It was a beautiful morning in late spring. The basket rocked coquettishly beneath the immense sphere. I stood in my corner and heard the last word given: "Let go all!"

The wind ceased. All seemed instantly motionless around us. We were off, without feeling it, at the speed of the air current in which we must live and move and have all our sensations, without having any sensation of its existence! Infinitely gentle is the unfelt movement upward and onward; the illusion is complete; it seems to be not we who move, but the earth itself that is sinking down and away from us!

M. Santos-Dumont in the Car of His Airship

In the emptiness that had already opened 1,500 yards below us, almost before I could realize it, the earth looked no longer the same. No, it did not look like an orange flattened at the Poles—we were not far enough away for that; but, by a phenomenon of refraction it showed concave like a bowl, the effect being to lift up constantly to the aeronaut's eye the circle of the horizon.

Villages and woods, chateaux and gardens slip and glide far, far below. Faint piercing sounds, like locomotive whistles and the yelping of stray dogs, are the only ones which penetrate to us. The human voice cannot mount up to these solitudes. Human beings look like ants along white lines that are highways.

While my gaze was still held fascinated a cloud masked the sun. It cooled the gas of our balloon, which obviously wrinkled and began descending, gently at first and then with accelerated speed, against which we struggled by throwing out ballast. Yes, I was frightened. I did not feel myself falling, but I could see the earth coming swiftly up to us; and I knew what that meant!

It was an idle emotion. A few pounds of ballast overboard not only stopped the mad career of the earth in our direction, but sent it down, down, down again away from us, and we found our equilibrium, this time above a plateau of clouds at about 3,000 yards. It was a wonderful sight. On the dazzling white cloud screen below us the sun cast shadows of the balloon and ourselves, magnified to giant size; and this in the exact-center of a magnificent rainbow.

As we could no longer see the earth by reason of this cloud screen, all sight sensation, even of movement, ceased. Were we standing still? Were we traveling at storm speed? We knew nothing. To learn the direction we were taking we had to drop below the clouds.

At the moment we began to see the earth again a gay peal of bells mounted up to us. It was the noon Angelus from some village belfry. I had brought up a little panier of hard boiled eggs, cold meats, cheese, ice cream, fruits, cakes, champagne, coffee and liquors, and I now experienced how delightful it is to lunch above the clouds in the nacelle of a spherical balloon.

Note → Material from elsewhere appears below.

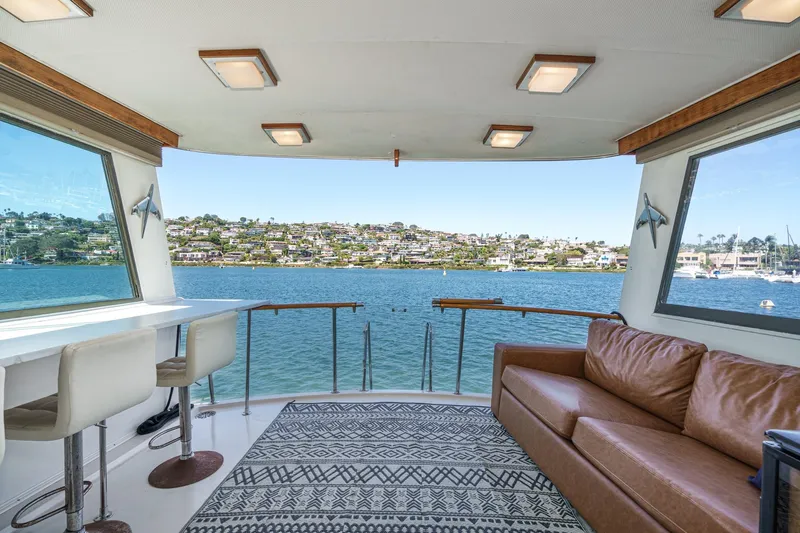 Maverick Yacht Photos Pics Interior of 1979 Hatteras 58 Motor Yacht with scenic waterfront view.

No earthly dining room could possibly have such a decoration. The sun’s heat sets the clouds in ebullition, making them throw up rainbow jets of frozen vapor like fireworks all around the table. Lace-like spangles of the most delicate ice formation scatter themselves here and there, appearing out of nothing, and film-like flakes pop into existence under our very eyes, in our very drinking glasses.

Then, suddenly, all changed like the trick in the pantomime; and a somber drop scene fell on the fairy scene of sunlight, cloud billows and azure. The barometer rose rapidly 5 millimeters, showing a sudden rupture of equilibrium and a swift descent. Doubtless the balloon had become overweighed with some pounds of snow, and it was certainly falling into a cloud.

We passed into the dim darkness of the fog. We still saw our basket, instruments and the parts of the rigging nearest us; but the balloon had completely disappeared. So we had the strange and delightful sensation of hanging in the void without support, either above or below; of having lost our weight; of being nowhere! Really, it was strange beyond description.

We slackened the fall, as usual, by throwing out ballast, and came to equilibrium far, far below the clouds at scarcely more than 300 yards altitude. A village fled beneath us. We were scudding fast. We compared our route map with the immense natural map unfolding below us, and soon we could identify roads, railways, villages and forests—all hurrying toward us from the horizon with the swiftness of the wind itself.

The storm which had sent us down marked a change in the weather. Little gusts pushed the balloon from one side to the other and up and down. Again, and again the guide rope, dangling 100 yards below our basket, touched earth; and soon even the basket began to graze the tops of trees.

What is called “guide roping” thus began for me. M. Machuron and I each held a sack of ballast, and when some special obstacle rose in our path—a tree or house—one of us would throw out a few handfuls of sand, to make the balloon leap up and pass over it. More than half the guide rope dragged behind us, and so we scudded comparatively close to earth at a wonderfully even altitude.

But shortly, as we passed over a little group of trees, a shock threw us backward into the basket. The balloon had stopped short and was swaying in the gusts at the end of its guide rope, which had curled itself around the head of an oak. For fifteen minutes it kept us shaking tremendously, and it was only by throwing out a quantity of ballast that we were able to get ourselves loose. The lightened balloon immediately made a terrifying leap upward, piercing some low clouds like a cannon ball.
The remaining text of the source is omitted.